Source material>
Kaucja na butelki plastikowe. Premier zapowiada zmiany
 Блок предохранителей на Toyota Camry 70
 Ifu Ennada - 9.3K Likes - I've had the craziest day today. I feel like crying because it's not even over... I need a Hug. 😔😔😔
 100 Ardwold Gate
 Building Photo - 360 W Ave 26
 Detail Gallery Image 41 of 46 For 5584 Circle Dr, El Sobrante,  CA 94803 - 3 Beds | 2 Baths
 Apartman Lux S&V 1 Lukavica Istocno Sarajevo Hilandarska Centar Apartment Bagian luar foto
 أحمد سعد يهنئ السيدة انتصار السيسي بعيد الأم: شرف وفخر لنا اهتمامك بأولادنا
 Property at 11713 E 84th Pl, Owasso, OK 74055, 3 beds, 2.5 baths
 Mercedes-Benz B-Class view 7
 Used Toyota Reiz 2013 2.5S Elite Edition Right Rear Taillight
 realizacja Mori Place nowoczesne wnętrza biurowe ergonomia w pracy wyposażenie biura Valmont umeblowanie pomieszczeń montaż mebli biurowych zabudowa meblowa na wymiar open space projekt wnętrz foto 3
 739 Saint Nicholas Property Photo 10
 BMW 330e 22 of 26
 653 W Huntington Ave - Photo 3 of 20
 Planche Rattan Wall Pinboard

To do>
Find how many lines of the listing include the string "Property" and give that number, nothing else.

Answer box>
2